Hill’s mind started to churn. Could he be witnessing history being made? Was this meeting a sign that Microsoft, the undisputed king of desktop software and one of the largest tech companies on the planet, was making a bid for RIM? As he mulled these thoughts over, Hill couldn’t help but marvel at the strange twist of fate that landed him at Brentwood. For many years he had worked in the beverage industry, selling and promoting bottled water and even starting his own company. The firm went bankrupt, but he survived and rose to the position of vice-president of sales and marketing at Wahta Springs, of Bala, ON. In 2007 he left that job in a dispute over unpaid commission sales. What to do? As it turned out, a friend was working at Brentwood and urged him to apply. It seemed like a strange idea at first. Driving a limo was a lot different than selling water. He was 57, surely too old for a complete makeover. But the more he thought about it, the better it sounded. The two jobs weren’t really all that different. Both required you to work with the public. Both involved sales of some sort (either a product or oneself), and Hill was nothing if not a good salesman. And he was used to wearing a uniform, or at least company-issued threads - in his 20s and early 30s he had modeled clothes in Sears and Eaton’s catalogues. He decided to give chauffeuring a shot. “I had to do something.”

He couldn’t have picked a better time. Ignited by RIM, the Waterloo tech sector was on fire. The iPhone had just been released but hadn’t gained traction yet. RIM was still on top of the wireless world, and limo companies were hiring. Learning to drive a limo was tricky at first. The key was maneuvering a stretch vehicle in tight corners and changing speeds smoothly. Brentwood would place a glass of water on the dashboard and get Hill to drive around without spilling anything. After passing the company’s training course and upgrading his driver’s licence, Hill hit the road. There was plenty of work shuttling tech wizards, corporate executives and middle-managers back and forth to Pearson and Breslau airports. Concerts featuring bands such as U2, Bon Jovi, the Tragically Hip, and Aerosmith were common, as tech entrepreneurs celebrated with employees. “We were maxed out.” The little things paid big dividends. Each limo came stocked with bottles of water, healthy snacks and spotless interiors. “I never went out in a dirty car,” remembers Hill.

It wasn’t all glitz and glamour, however. If he was chauffeuring a wedding or social event, the hours could be long.

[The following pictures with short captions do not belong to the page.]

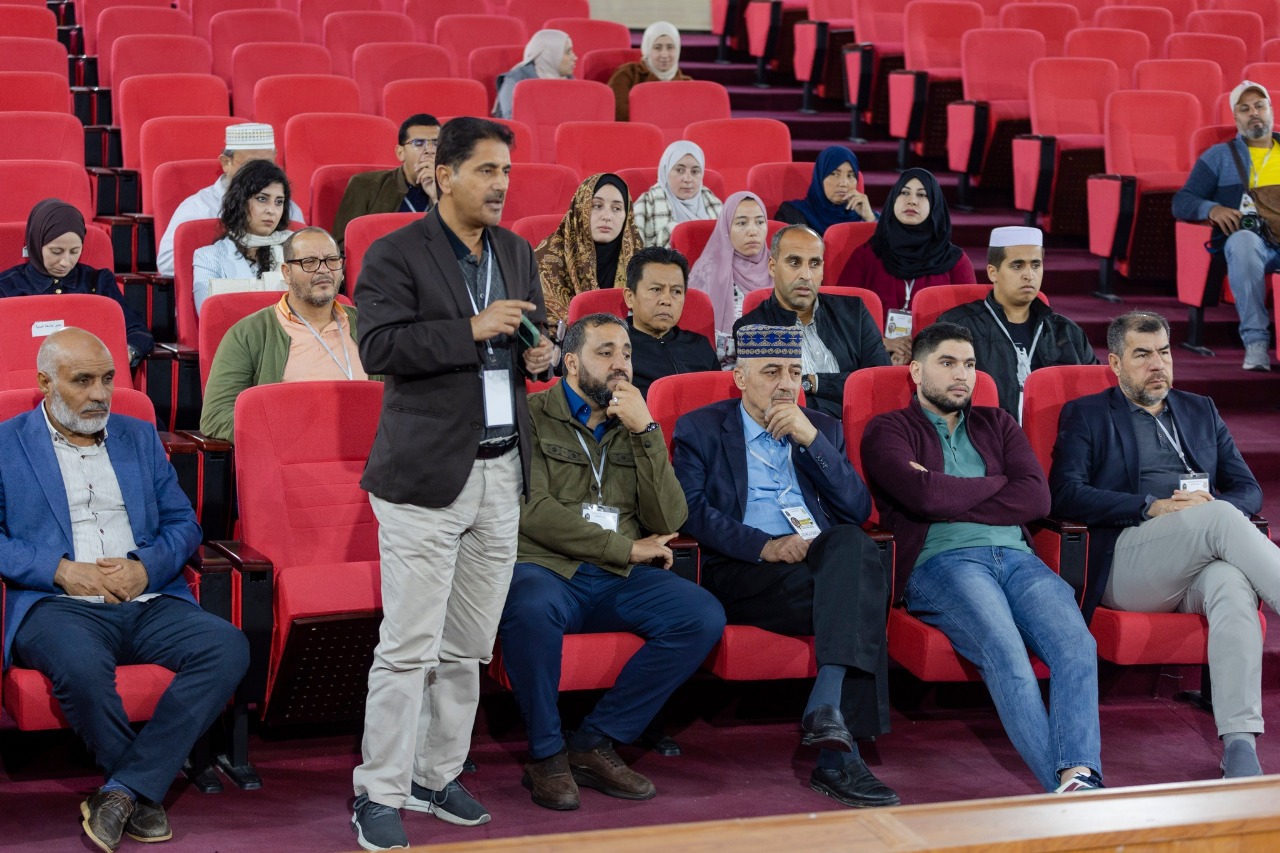 Madar Al-Saa Images 0.2340014478470387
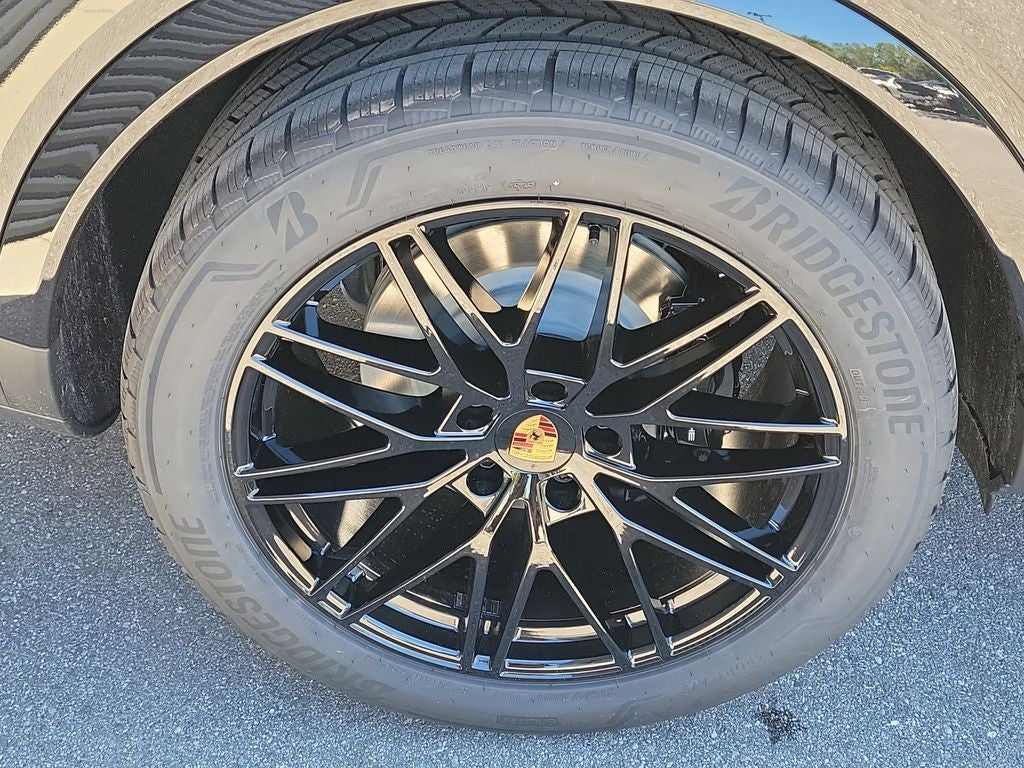 2026 Porsche Cayenne Coupe Base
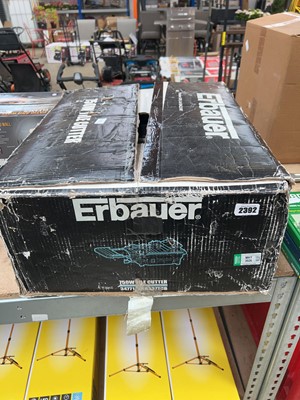 Lot 2392 - Boxed Erbauer electric tile cutter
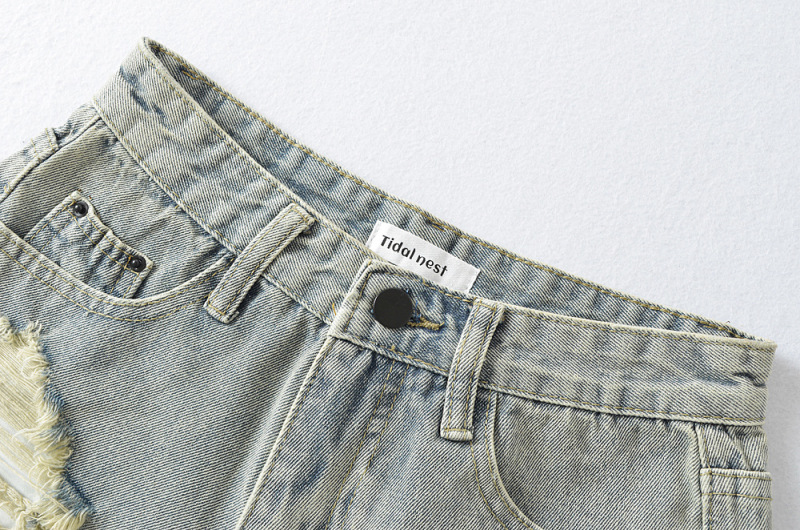 Women's burred and perforated denim shorts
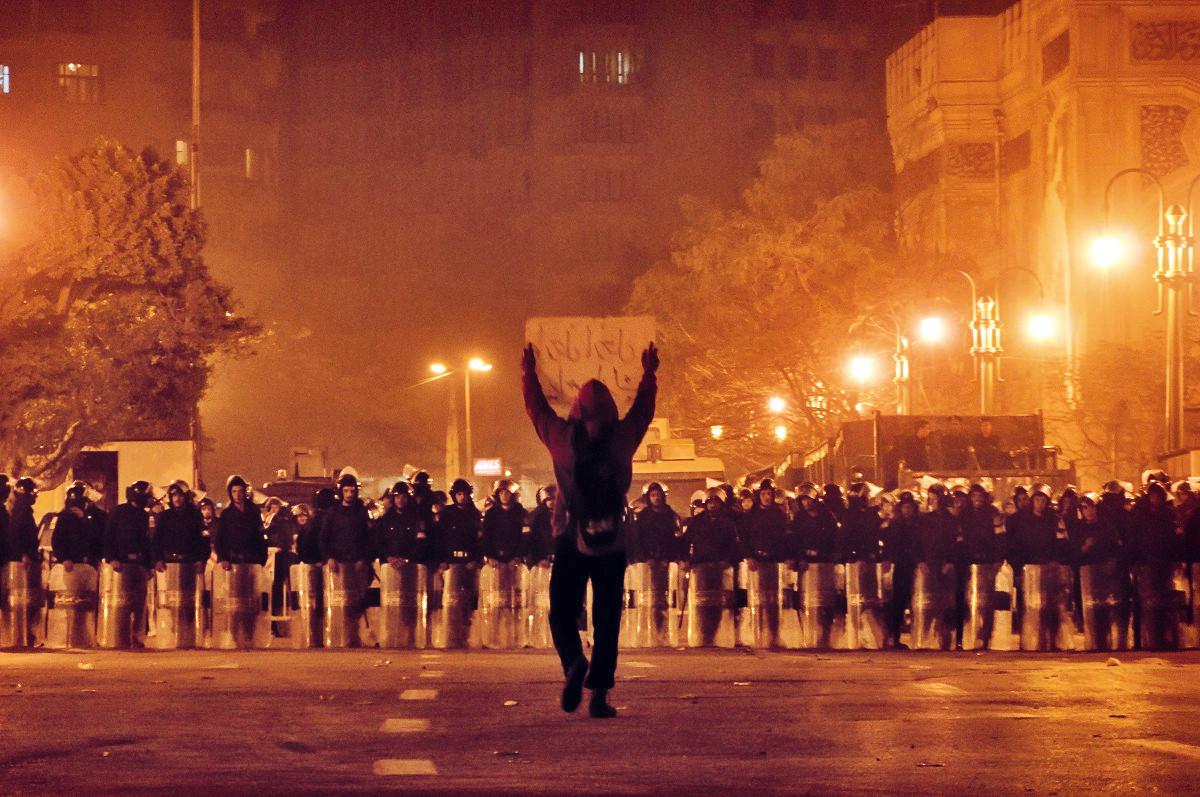 25 Iconic Photos of Egypt's January 25 Revolution Egyptian Streets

On some nights, often a Saturday, he wouldn’t get home until 6 o’clock in the morning. “Sometimes the nights were pretty crazy, but most of the time I enjoyed it.”

Two hours after dropping Ballmer off, the bodyguard’s phone buzzed. The meeting was over. Hill drove around to the back of the restaurant and picked up the Microsoft chieftain. Back to the airport they went. Once again, Ballmer was quiet, his silence only broken by a phone call from his wife. The meeting went well, he told her. Hill dropped Ballmer and his bodyguard at the Microsoft plane. The entire visit took about three hours. As it turned out, Hill wasn’t witnessing history. Microsoft office software had been used in BlackBerry smartphones for a number of years, and around this time the two companies reached a deal to install Microsoft’s Bing search engine in BlackBerry devices. The talks likely involved issues around these developments.

Hill would eventually leave Brentwood in 2012 and return to the beverage industry. He now works as vice-president of sales and marketing at Signature Springs, a Pennsylvania bottled water company. But he still thinks back fondly to his time driving a limousine, when RIM was riding high and Waterloo seemed to be at the centre of the universe. The Ballmer assignment remains a highlight. After the Microsoft boss left, Hill started cleaning out the limo and found a souvenir. Ballmer had left behind a pen. “I still have it,” Hill says proudly.